Le sujet du documentaire est fascinant : celui d'un homme qui mène plusieurs vies amoureuses de manière simultanée dans des pays différents faisant croire à ses compagnes, des femmes pourtant instruites, à différentes personnalités construites sur mesure pour elles et différentes vies professionnelles qui demandent pourtant un certain niveau de savoir et d'expertise.
On saisit tout le cynisme de la situation quand on apprend que l'une d'entre elles en France est psychologue et l'autre en Pologne travail justement à trier et identifier des clients afin d'éviter les faussaires pour une entreprise.
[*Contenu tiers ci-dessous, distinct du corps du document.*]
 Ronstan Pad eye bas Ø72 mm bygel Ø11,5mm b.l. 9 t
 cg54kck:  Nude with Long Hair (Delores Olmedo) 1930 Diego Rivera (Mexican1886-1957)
J'ai apprécié le rythme du documentaire, le temps accordé aux victimes, qui permet notamment de voir la diversité des profils des femmes qu'il choisit.
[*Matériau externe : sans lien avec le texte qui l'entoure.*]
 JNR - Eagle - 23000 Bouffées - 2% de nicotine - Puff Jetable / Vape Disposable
Cependant, j'ai trouvé que la réalisatrice Sonia Kronlund avait trop de scrupules à faire ce qu'elle fait, peut-être une trop grande indulgence envers cet homme aux mille visages, et cela se traduit dans le documentaire par une manière de l'aborder qui amènerait presque une forme de sympathie du spectateur pour le menteur.
C'est dommage que lorsqu'elle en a l'occasion, lors de l'interview, après son épuisante course, elle ne profite pas de cette situation de vulnérabilité pour le confronter à ses méfaits. Par ailleurs, il est loin d'être un bon menteur : lors de l'interview à chaque fois qu'il ment il déglutit et arrête de respirer...
C'est intéressant de voir que contrairement à l'arnaqueur de Tinder, cet homme a très peu volé ses maîtresses, son comportement est essentiellement pathologique. On ne sait trop s'il fait ça pour le plaisir pervers de la duperie, ou s'il est animé par un tel fantasme d'amour qu'il est prêt à toutes les inventions pour étancher la soif d'un sentimentalisme dévorant.
Et c'était profondément désolant d'entendre l'une d'entre elles dire qu'elle ne l'avait pas trop mal vécu contrairement à sa consœur de tromperie, car il l'a respectait davantage, on sent que même dans la révélation, certaines cherchent encore à quel rang elles étaient placées dans le système de valeur de Don Juan.
Son art repose essentiellement sur la suggestibilité de ces femmes à un romantisme pré-fabriqué.
En résumé, un documentaire à la fois drôle et navrant qui vaut le coup d'être vu.
( mention spéciale pour le detective privé polonais qui ne sert pas à grand chose et qui est d'une discrétion légendaire.)